A couple of weeks ago I finished reading “Diary of an ordinary woman” by Margaret Forster. It is a story which had been initiated by an elderly woman’s call who offered that M. Forster ‘take a look’ at the diaries she had been keeping all her life and ‘make something of it’. The main character in the book was supposedly born in 1901. The same year as my maternal grandmother. And although the story told in that book had only few parallels to my grandmother’s life, it made me think about her a lot recently.
She was born a bit prematurely on the 14th of January in 1901. Today would have been her 120th birthday, and it awes me thinking about the span we cover, assuming I still have an average of about 30 more years to live, which adds up to 150 years. This picture shows her as a little girl.
She was her parents’ only child and in fact the only grandchild from a set of five brothers on her father’s side, so I think she must have been pretty spoilt. Her father was the mayor in a small north German town, and the local museum in that town still has a room dedicated to his years as mayor.
She graduated from High School which was not common for girls at that time, and she claims she wanted to go to university to study mathematics, but that did not happen. I am not sure whether that was due to the fact that liberties her father would allow her did not reach quite that far, or whether it was due to financial reasons, after all, the 1920s were not always economically easy in Germany. But she came from a family well off, I would assume it would have been possible to make it happen if she had been really adamant about it? I don’t remember her talking about the time of the Spanish Flu, but she did survive a very difficult appendix surgery and had a remarkable scar on her right lower side to show for that. She got married, gave birth to four daughters the first of which died right at birth because the midwife and doctor (who was drunk) did not arrive in time and the baby suffocated from the placenta – that’s the story. My mother was the youngest. After World War II when she found herself in Soviet Occupation Zone it took her quite a while to realize that things weren’t ‘going to get better again soon’ and that the houses she owned in two different cities did not make her a favorite of the socialist government. My grandfather ‘went West’ in 1952 by swimming through a small river that marked the boundary between Soviet and British occupied zone after having been warned that he might be arrested soon, she stayed behind with the girls. After the uprising of 1953, however, she took advantage of an opportunity for ‘family reunification’ and followed her husband across the border with the two younger girls. The eldest had been married by then and stayed behind. My grandmother then taught handicraft and protestant religion in school to supplement their income.
Here is a picture of her holding me at the age of approximately 10 weeks. Look at that jacket she is wearing – she had bought it in Norway on a holiday, and it will reappear in just a moment.
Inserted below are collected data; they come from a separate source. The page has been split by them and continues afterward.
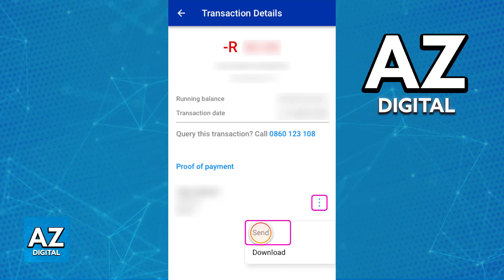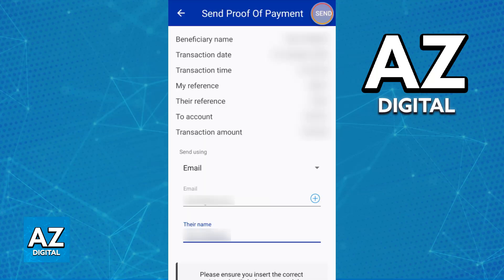Tap the three dots under Proof of Payment and then choose Send. You can also download it to your mobile device if you would like, but if you select Send you will be able to specify an email address and the recipient's name, then send the proof of payment directly to that email address.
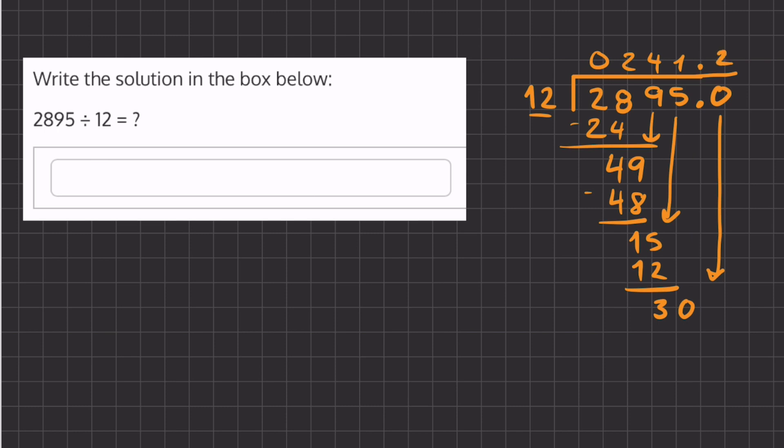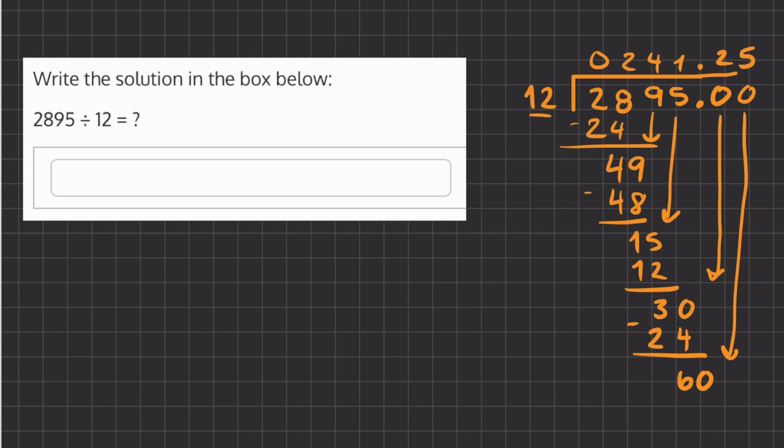2 times 12 gives us 24. 30 minus 24 gives us 6, and now we can add another 0 here and ask ourselves how many times does 12 go into 60. That is exactly 5 times, so our final answer is going to be 241.25.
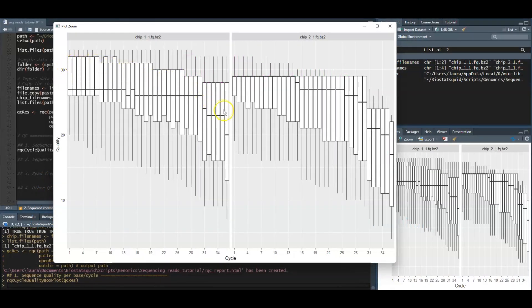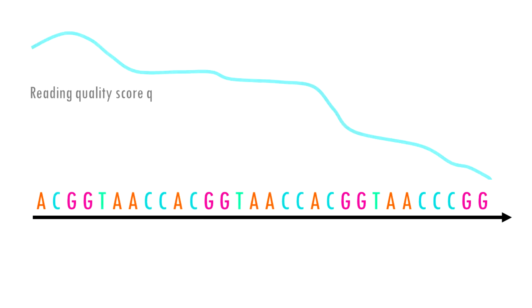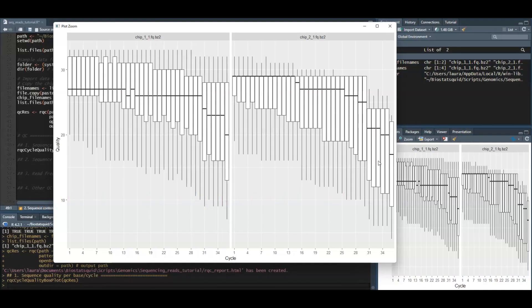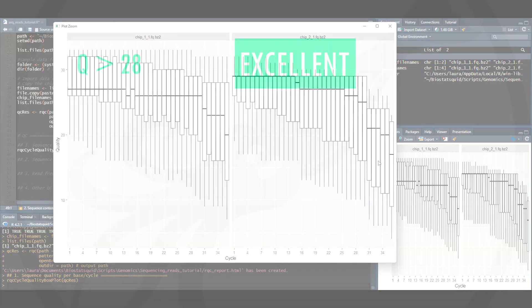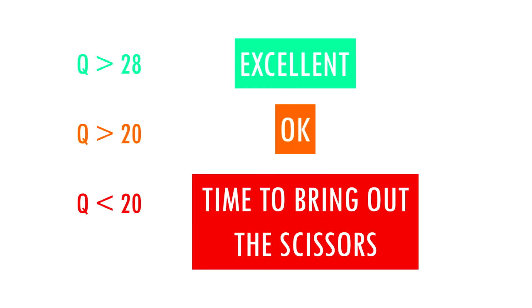You will often see that towards the end of the reads the quality usually goes down. It helps us decide if we need to trim the end of the reads later on because we cannot really trust the sequenced bases towards the start or the end of the reads. In general a good sample will have median quality scores per base above 28. If scores are below 20 towards the end, then you can think about trimming the reads.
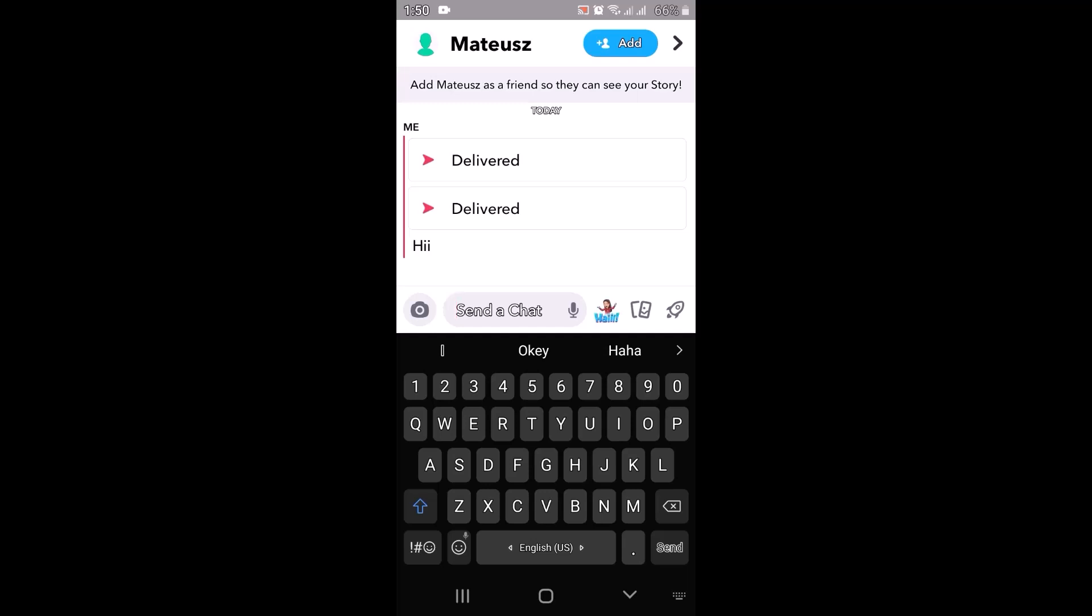So those were the few methods on how you can check if somebody has deleted you from the Snapchat friend list or not. So that is all for this video. I hope the video was helpful.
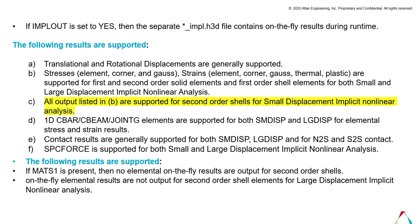Similarly, for 1D elements—1D CBAR, CBEAM, or JOINTG elements—which are supported for both small displacement and large displacement for elemental stress and strain results. Contact results are generally supported for both small and large displacement for N2S or S2S, that is node-to-surface and surface-to-surface contact.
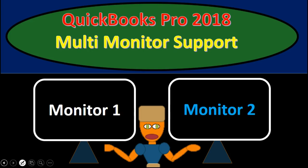Hello, in this presentation we're going to talk about a new feature within QuickBooks Pro 2018, that being multi-monitor support.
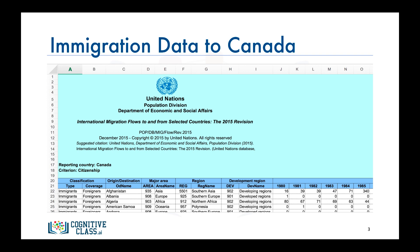As you can see, the first 20 rows contain textual data about the UN department and other irrelevant information. Row 21 contains the labels of the columns. Following that, each row represents a country and contains metadata about the country such as what continent it resides in, what region it belongs to, and whether the region is developing or developed. Each row also contains the total number of immigrants from that country for the years 1980 all the way to 2013.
She baked the best waffles in the whole world and her packages in which she would send us home-made waffles were a reason to celebrate each and every time. My siblings and I loved those waffles. Despite the fact that we have her recipe, however, my own never tasted the same, and I think it must partly be because she was not using an electric waffle iron.
She taught me how to knit, and perhaps to crochet, too. I remember how I received a hand-wound ball of yarn with a set of red (!) knitting needles and little goodies were wound into the ball to keep me going. The yarn squeaked a bit, probably poly-something, my sweaty hands of inaptitude, but I kept going because I wanted to know what would show up next.
Later, when she was ageing and had worn that Norwegian jacket down to the last thread my mother and I went into a joint venture and reproduced that jacket in almost the same colouring. My mother took the pattern and knitted the sleeves. I made the bodice and the shoulder part after joining the sleeves to the bodice. Because we knitted differently in tension the jacket looked a bit awkward at first, but it somehow evened out after a while. I think she wore that jacket almost every day for the rest of her life.
Now that I think of it, though, I am not sure she
really enjoyed knitting or mending. Otherwise she might have made herself a
jacket like that? She did make me a pair of wrist warmers when I asked her, but
she wasn’t one who was flooding the family with hand-knitted socks or sweaters.
But she got me started on the road to fibre work and my absolute love of it. But would my pieces find her approval? Who knows...
She did tell stories from her life, but for the last years of her life she was suffering from dementia, and although I remember some of them I am afraid many of her stories are lost. I wish she had kept a diary. And that I could read it, that I had asked more questions. She passed away in 1986.